(The input)
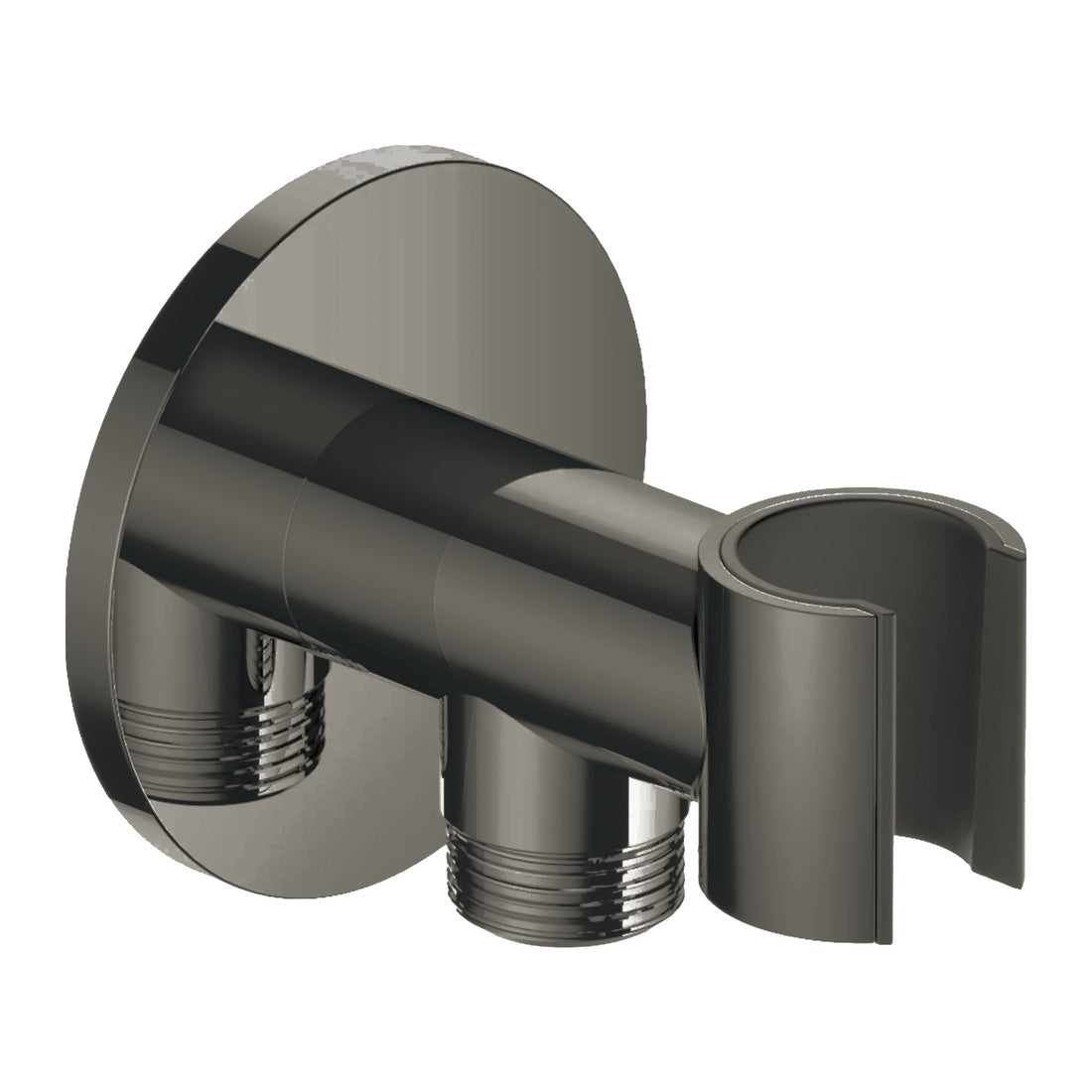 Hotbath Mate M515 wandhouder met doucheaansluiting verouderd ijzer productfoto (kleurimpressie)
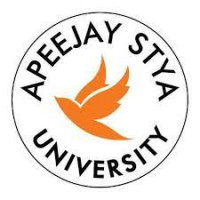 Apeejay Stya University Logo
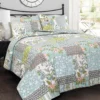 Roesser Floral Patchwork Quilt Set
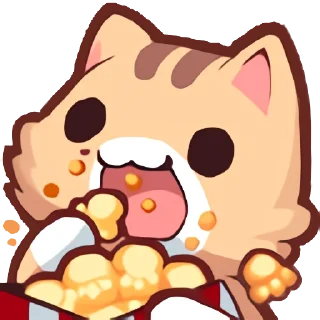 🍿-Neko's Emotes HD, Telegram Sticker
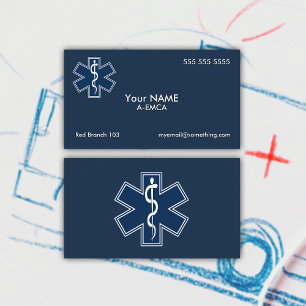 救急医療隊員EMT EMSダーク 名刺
(End The input)
- [Task to complete]: Pictures stay out; the entries above are to be output exactly as given.

- [Reply]:
 Hotbath Mate M515 wandhouder met doucheaansluiting verouderd ijzer productfoto (kleurimpressie)
 Apeejay Stya University Logo
 Roesser Floral Patchwork Quilt Set
 🍿-Neko's Emotes HD, Telegram Sticker
 救急医療隊員EMT EMSダーク 名刺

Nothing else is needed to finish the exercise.